5. To understand the legal basis of the current dispute, we examine the specific instruments that governed the relationship between the parties. The services were facilitated through three distinct work orders and a consolidated agreement, each specifying terms for the contract period and the security for performance.
Contractual Instrument
| Issuance Date
| Reference Number
| Scope of Work
| 1st Work Order
| 15.02.2016
| No. 01/C&R
| Installation of 69 ATP
Machines on BOOM basis
| 2nd Work Order
| 25.10.2016
| No. 04/C&R
| Additional 65 ATP Machines on repeat order terms
| 3rd Work Order
| 09.08.2018
| No. 02/C.E. (C&R)
| Installation of 120 ATP
Machines in phases
| Formal Agreement
| 31.10.2018
| Agreement dtd. 31.10.2018
| Consolidation of 120 machine
terms under Master Agreement
| The terms governing these instruments were largely consistent, particularly regarding the "Contract Period." Clause 7 of the 1st Work Order and Clause 8 of the 2018 Agreement stipulated a three-year term, which could be extended for a further two years "as per mutual consent". This requirement of mutuality is a significant legal safeguard, ensuring that neither party could be bound to an indefinite or non-consensual extension of liability.
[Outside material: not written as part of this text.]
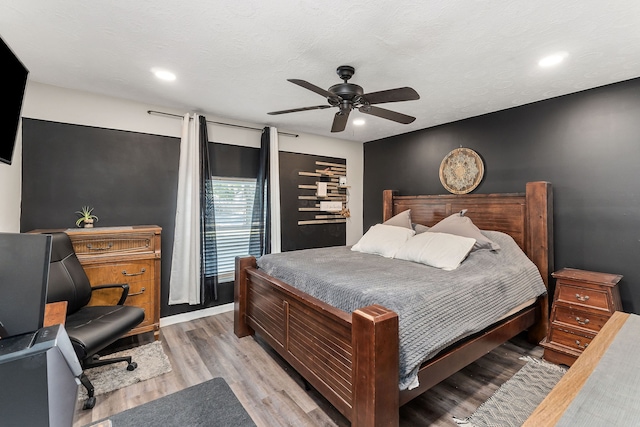 bedroom with ceiling fan and light hardwood / wood-style flooring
Regarding financial securities, the contracts provided for two distinct mechanisms:
i. Security Deposit (SD): 5% of the contract price, intended to be returned after the successful completion of the three-year period.
ii. Performance Bank Guarantee/Cash Guarantee (PBG/PCG): Originally set at 10% in the 2016 orders, later modified in 2018 to 5% Performance Cash Guarantee (deducted from verified bills) to total 10% when combined with the 5% SD.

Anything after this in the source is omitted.